When we hear the gospel I am sure, are astounded at how
harsh Jesus sounds. "You can't be my disciples if don't hate
your mother, your father, your spouse, your children. You
can't be my disciple." What is happening? Well remember.
Jesus is on the way to Jerusalem. He's about to be handed
over to his enemies. He is going to be tortured. He is going
to be executed. He is a dead man walking.
Yet here is this crowd still looking for signs and marvelous
things. They're having a good time. They're not serious.
They have not really listened. They think they are following
Jesus, but they haven't really figured out what it might
cost to be a disciple of Jesus.
How many of us are that way? Have we really taken the time
to consider what it might mean to follow Jesus? How
different we might have to be from those in the world around
us? If we are really going to be a disciple of Jesus, can we
really be just like everyone else? Or what might we have to
pay a price?
Back in World War II, Dietrich Bonhoeffer, a great German
theologian and Protestant minister, was in the resistance
against Hitler. He was jailed. During the time in jail he
wrote a book called the Cost of Discipleship. For him the
cost was execution, because he stood up against powers of
evil. Again have we considered the cost for ourselves to
really be a disciple of Jesus?
St. Paul in the second lesson today gives us a radical
vision of what it means to follow Jesus. We don't know what
cost Philemon might have had to pay, because we never hear a
response to this letter from Paul. There probably was one,
but it has never been kept, preserved. But Paul was asking
Philemon to do something totally out of the ordinary. Roman
law required that a run away slave had to be punished, even
executed. Paul was sending Onesimus back and saying, "Look
everything is different. Jesus has come. Jesus has made us
all brothers and sisters. There can't be slave or free, male
or female, rich or poor. We are all one in Jesus. So you
must treat Onesimus different now. Go against the law. Free
this person. He is your brother in Jesus."
That is the radical vision Jesus gives us, that we are all
brothers and sisters. One human family. We cannot hate one
another. We cannot do violence to one another.
St. Peter Claver was an extraordinary example of this. He
lived in a time when our very own church condoned slavery.
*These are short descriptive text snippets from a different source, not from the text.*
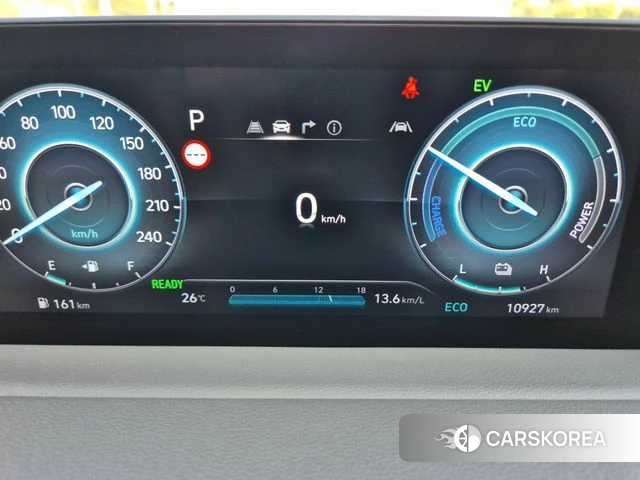 Hyundai Staria 2024 Белый из Кореи, фото 3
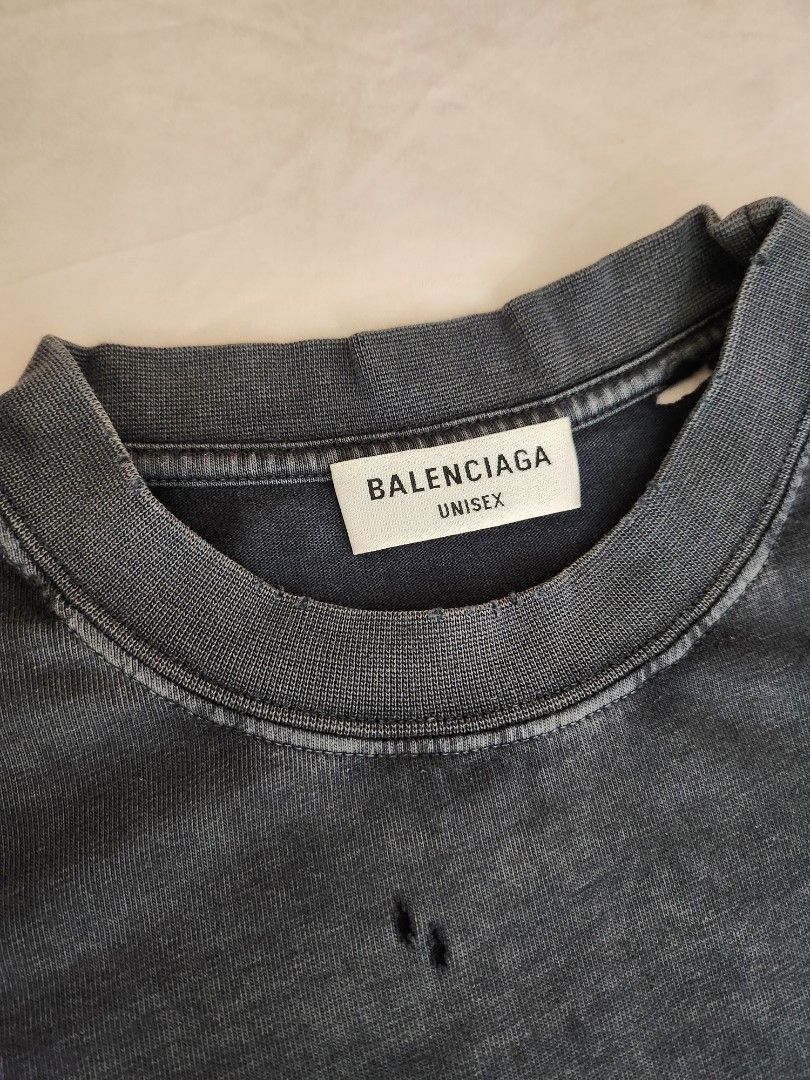 BALENCIAGA Distressed Logo-Print T-Shirt – PENGUIN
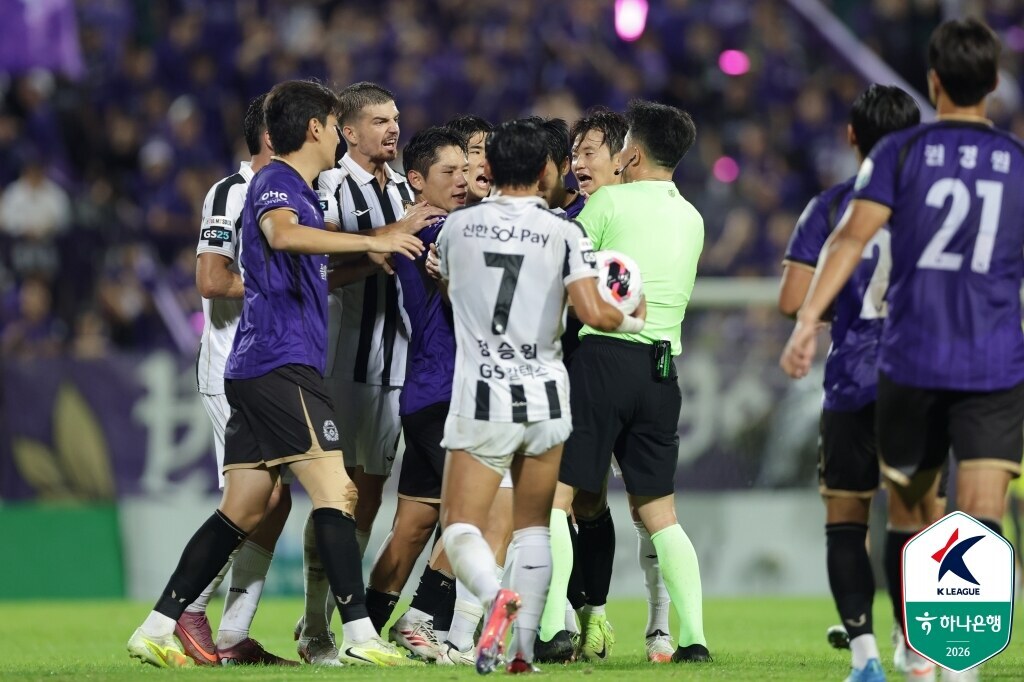 ▲ 22일 안양종합운동장에서 FC안양과 FC서울의 하나은행 K리그1 2026 24라운드가 열렸다. 시즌 세 번째 펼쳐진 연고지더비 끝에 서울이 7골을 터뜨리면서 승리를 만끽했다. ⓒ 한국프로축구연맹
It's hard to believe in a way, but we know it is true. It
happened in this country. Bishops owned slaves. Peter Claver
lived in a time when that was very common. In fact, Africans
were being brought over to Colombia were Peter Claver went
to be a missionary. He ministered among them. He couldn't
break the whole slave trade, but he went among the salves
and he said, "I will be a slave to the slaves. They are my
brothers and sisters." He was demonstrating the vision of
Jesus. He gave his life in total service to the slaves.
When we think about what is happening in our country right
now - it's not hard to discern how we might have to be
different, because we are living in time when our nation has
been engaged in a war since 1991 really. We have devastated
another country. We have killed hundreds of thousands of
innocent civilian people. Pushed two million into exile.
Destroyed their whole infrastructure. Caused suffering that
is beyond comprehension. Now we are going to get a report
before our Congress that is going to tell us, "Keep on
going. Wage more war." And the president is going to address
us this week and tell us that we have to persevere in war,
Is that the way of Jesus? Is that the vision of Jesus?
Martin Luther King Jr. showed us a totally different vision,
which is the real vision of Jesus. We have to strive for
peace within ourselves, seeking to be a peacemaker in our
daily lives. We have to accept suffering rather than inflict
suffering. How often he preached that. We have to refuse to
retaliate in the face of provocation and violence. We must
return love for violence, love for hatred. Dr. King paid a
high price because he followed Jesus. He spoke out against
the advice of his closest friends and colleagues. He said,
"I must condemn the greatest purveyor of violence in the
world today, my own government."
It seems to me that this time in which we live it is ever
more clear that we must follow the way of Dr. King, which is
really the way of Jesus. A new vision, an extraordinary
vision. We are all brothers and sisters in the human family.
We must reach out in love to one another and in forgiveness.
Love even our enemies, return good for evil. That is the
vision, the vision of Jesus. Paul preached it to Philemon.
Paul is preaching it to us.
Jesus shows us the way. He invites us, come follow me. But
sit down first and think about what it might cost. Don't be
like the builder who doesn't make those plans or like the
king going into battle without knowing what will happen. No.
Count the cost.
Then if you are ready to pay the price, if you're ready to
pay the price it takes to follow Jesus, then this morning,
once more as we celebrate this Eucharist, recommit yourself.
When you come forward to receive the body of Christ and you
say, "Amen," that should be a commitment to follow Jesus.
Take up your cross and follow him no matter what the cost.
Can we do it? Well perhaps among many others we can pray
this morning to St. Peter Claver, Martin Luther King, Nelson
Mandela, others who have shown us the way and we too will
have the courage to count the costs and say yes I will pay
that price. I will follow Jesus. His way of love. Rejecting
all violence, all war. Follow only Jesus.